Technology like Batman against getaway cars: New York police equip rifle with GPS launcher – progress does not stop at the questions of fighting crime. The New York Police Department (NYPD) is making great strides in this regard. The latest coup: three innovations to help officials. One of them is some kind of launcher. She fires Coke can-style sticky projectiles. Included: a GPS tracker for getaway vehicles. But there are critics.
A device that could also come from one of the three parts of the “Dark Knight” trilogy by exceptional director Christopher Nolan. It is intended to compensate for or even completely eliminate dangerous high-speed car chases, in which officials or bystanders are regularly injured or even killed. This is what you read in a report by the car portal “Carscoops”. The name of the company behind this device: “StarChase”. The New York Police Department has now entered into a subscription with the company.
Financial scope:
20,000 US dollars, currently around 18,000 euros. The source does not say whether this is a monthly or annual amount. In any case, launchers are provided for these buzzers, which, according to the “New York Times”, can be attached either to the front of a patrol car or to the lower barrel of an ArmaLite AR-15 rifle. The soda can-like bolt it fires is said to be fast enough to hit a getaway vehicle at close range. At the same time, however, it flies so slowly and was designed in such a way that, according to the article, it cannot harm bystanders.
The reason: The front of this bullet is soft and consists of a sticky cushion. This sticks strongly when it comes into contact with the rear or flank of a getaway car. From there, the adhesive tracking device sends out a GPS pulse, which the police can follow to a vehicle stop. At the same time, officials at the usual checkpoints or checkpoints where they take radar measurements or usually check for drunk driving can be made aware of the data in order to draw a net around fugitives.

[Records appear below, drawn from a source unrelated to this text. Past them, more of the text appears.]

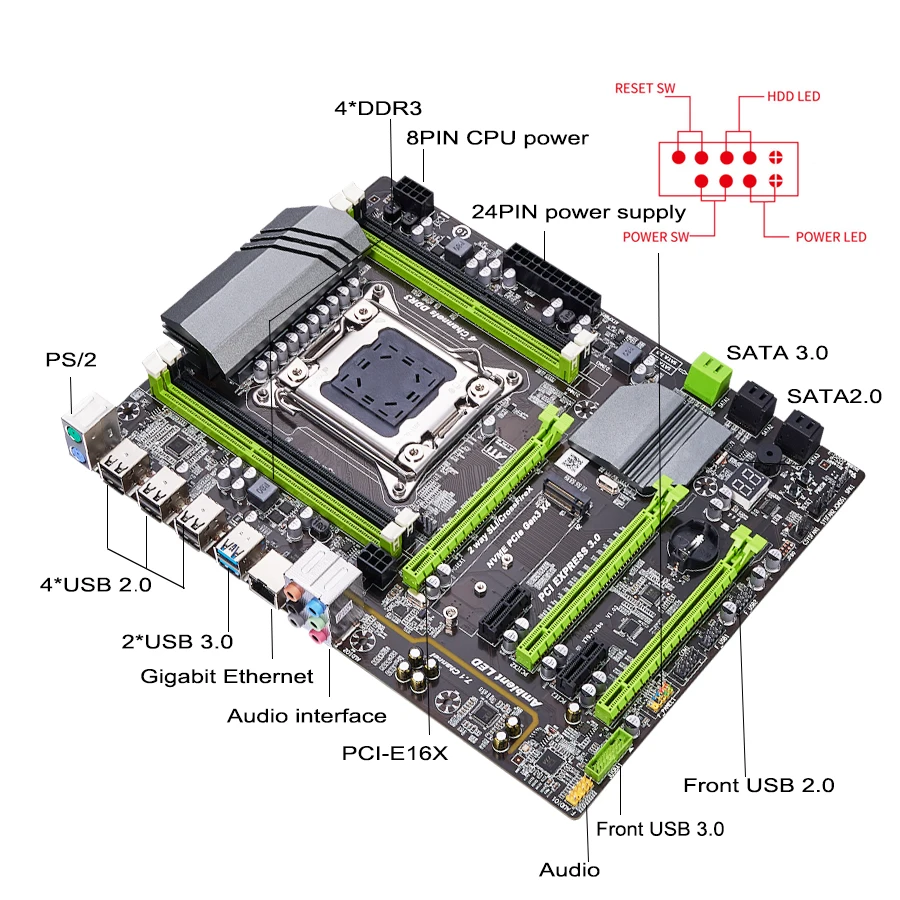 QIYIDA X79 Turbo материнская плата LGA2011 ATX USB3.0 SATA3 PCI E NVME M.2 SSD поддерживает память REG ECC и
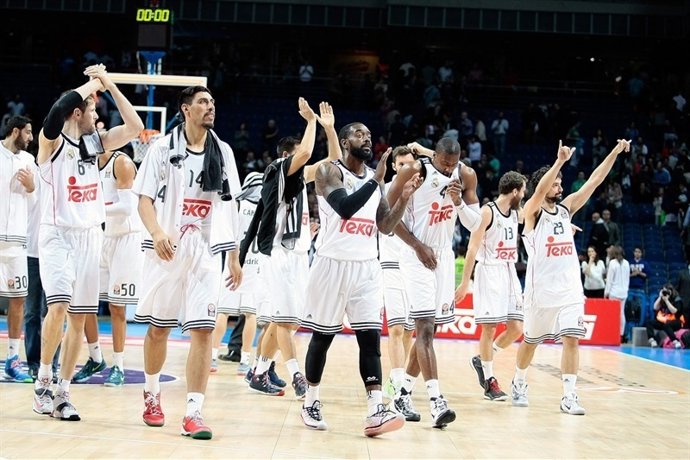 El Real Madrid celebra una victoria en Euroliga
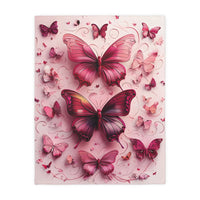 Pink Butterfly  Velveteen Microfiber Blanket (Two-sided print)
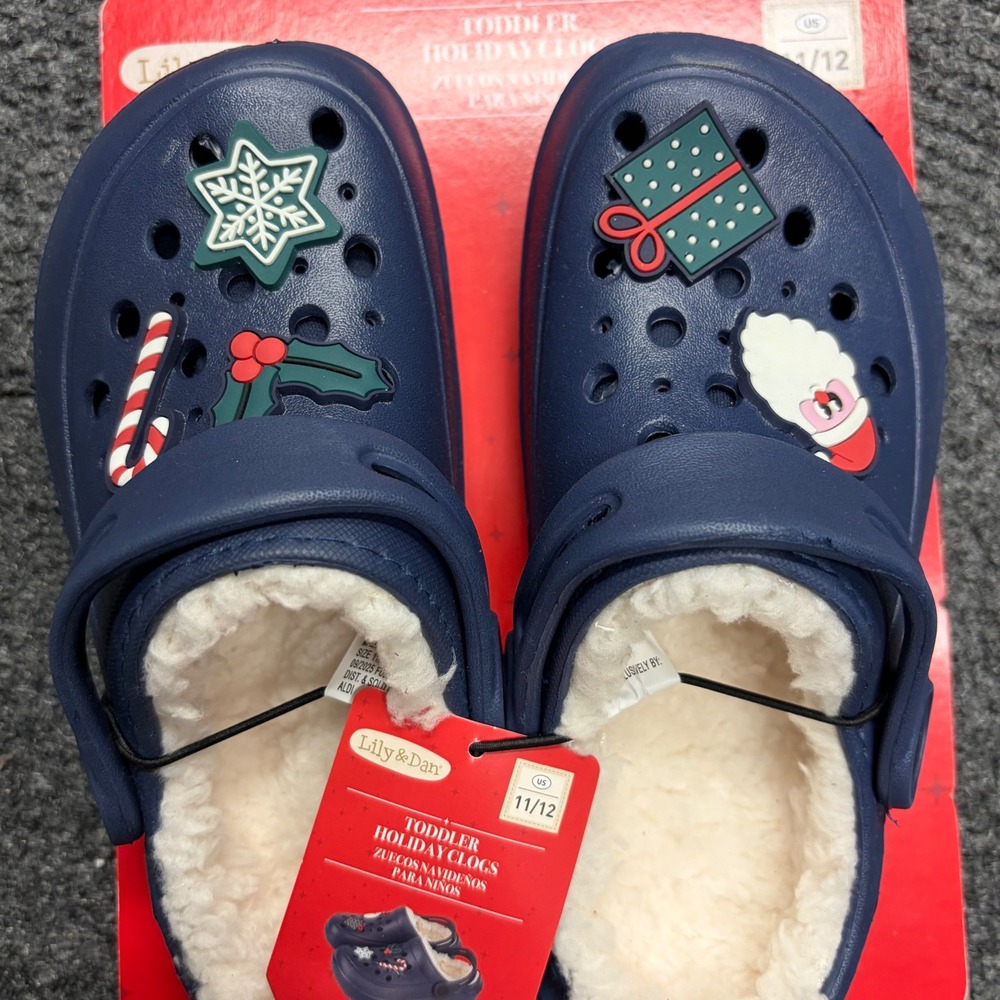 Lily & Dan Toddler Holiday Clogs Navy Blue Faux Fur Lined Christmas Shoes 11/12 - Picture 2 of 6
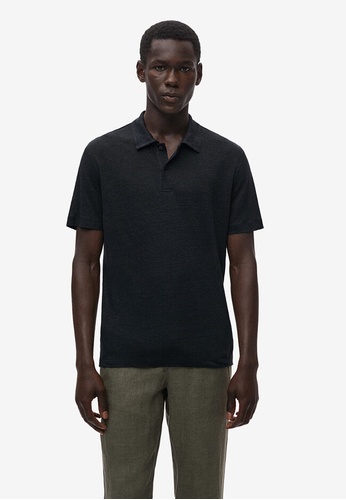 MANGO Man 黑色 100% Linen Polo Shirt 6A912AAC220606GS_1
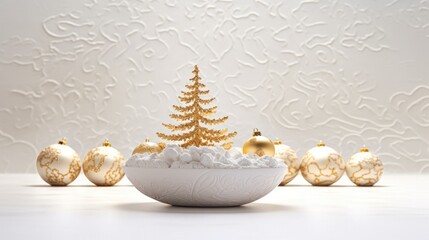 white elegant Christmas background with decorative Christmas figurines and decorations. 
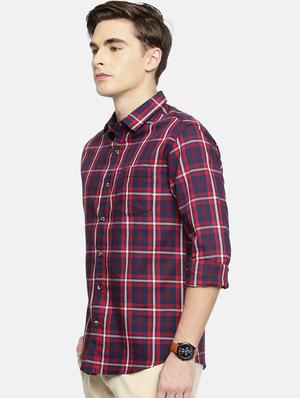 red cotton casual shirt - 15815403 - Standard Image - 2
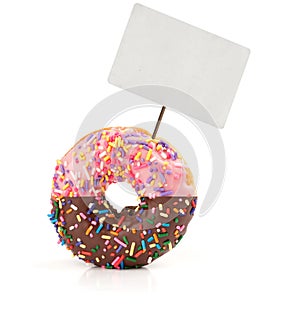 Donut with sprinkles and tag isolated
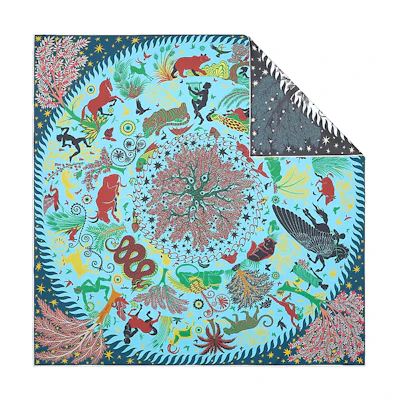 (Women) HERMES Dual-Sided Printed Silk Scarf for Women in Sky Blue. H903702S01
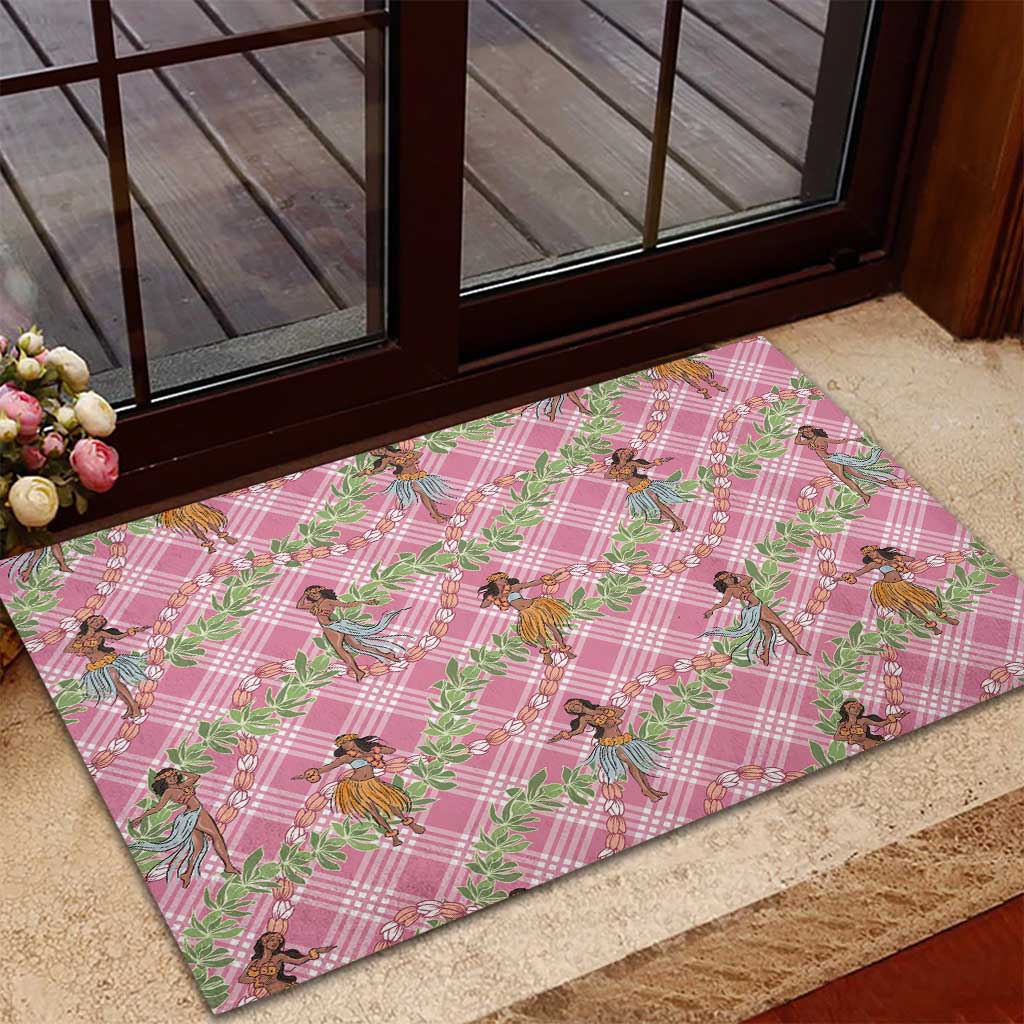 Lokelani Pink Palaka Hula Girls Seamless Hawaii Aloha Rubber Doormat - Polynesian Pride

“What we want is to eliminate as many high-speed car chases around the city as possible,” said New York Mayor Eric Adams. According to StarChase, the GPS markers have already been used 10,000 times in different areas and have so far secured and brought back assets of 150 million US dollars. They are also used in undercover missions by special forces, for example.
New York is a world metropolis with a correspondingly high population density and several metropolitan areas such as neighboring New Jersey or Long Island. With so many road users in dense urban areas, a chase can have the most serious consequences. In the USA, such “high-speed chases” are repeatedly the subject of heated debates with the judiciary, which is already under criticism. Most recently, as of this writing, a car chase in Baltimore had caused an entire building to collapse.
The New York Police Department wants to use two more technologies:
A four-legged robot dog from the company Boston Dynamics and a robot that is to be used in the agency’s information gathering. Because of the devices, the authority has been criticized by civil and data protection advocates. As Albert Fox Cahn, executive director of the surveillance-critical Surveillance Technology Oversight Project, explained: “The NYPD turns bad science fiction into horrific police work. New York deserves real security and not a poor man’s RoboCop.”
According to Carscoops, the legal aid organization Legal Aid Society is also criticizing Mayor Adams and the New York Police Department for putting the new technologies into service without giving citizens an opportunity to voice their concerns.
Speaking to NBC, a representative of the organization said:
“The City Council passed the POST Act two years ago to address this very issue, but the NYPD has yet again failed to consult the public before expanding surveillance technology.”